Given material ▸
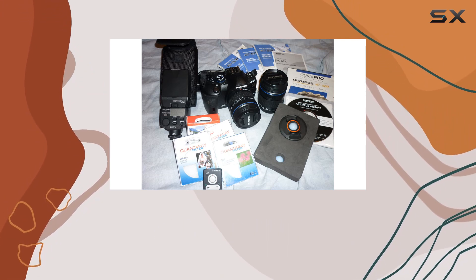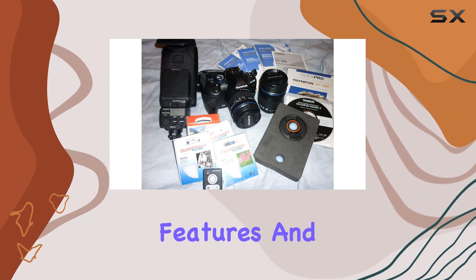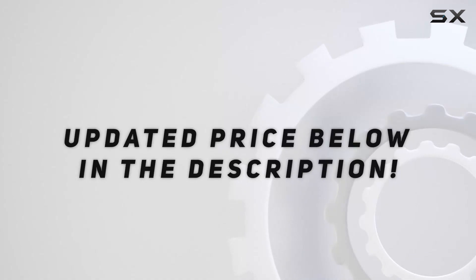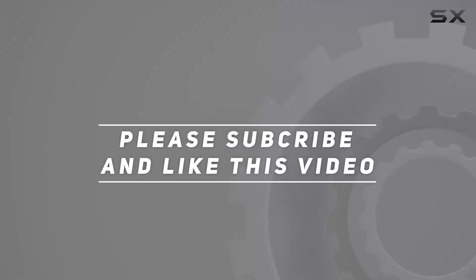Stick around as we take a closer look at the E5-20's features and performance. Check out the video description for updated pricing, and thank you for watching.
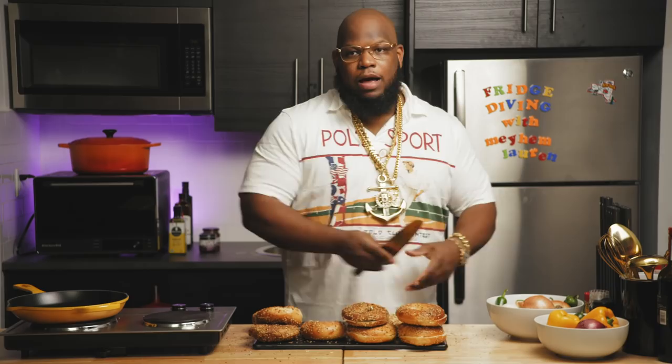Cut one in half, put that in the back. So right now we got five bagels cut in half. Let's preheat the oven.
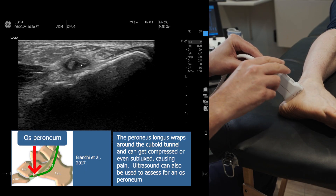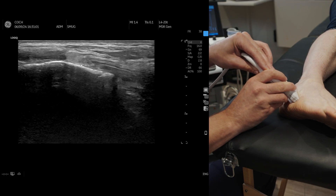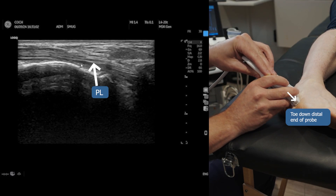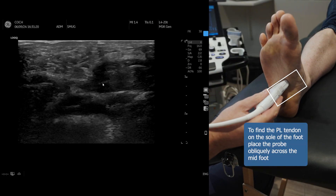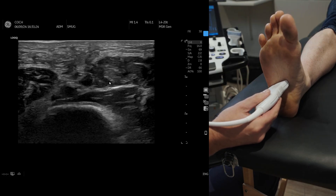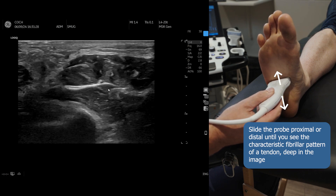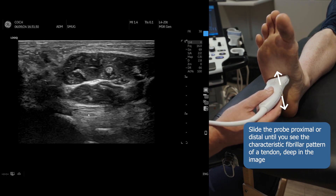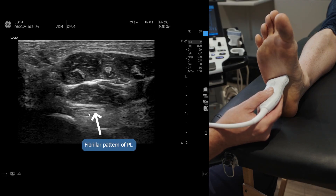You cannot follow it all the way, but if you get a nice long section and toe down the probe, then you can see the peroneus longus. The best way of finding the peroneus longus under the foot is to place the probe at an oblique 45-degree angle. Go towards the heel and come more proximal, and you start to pick up the fibular pattern of the fibres there.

Task instructions ▸
Leave out the pictures, and write out exactly the lines from the one containing "Cut one in half, put" through the last line of the listing, both included.

Expected output ▸
Cut one in half, put that in the back. So right now we got five bagels cut in half. Let's preheat the oven.
You cannot follow it all the way, but if you get a nice long section and toe down the probe, then you can see the peroneus longus. The best way of finding the peroneus longus under the foot is to place the probe at an oblique 45-degree angle. Go towards the heel and come more proximal, and you start to pick up the fibular pattern of the fibres there.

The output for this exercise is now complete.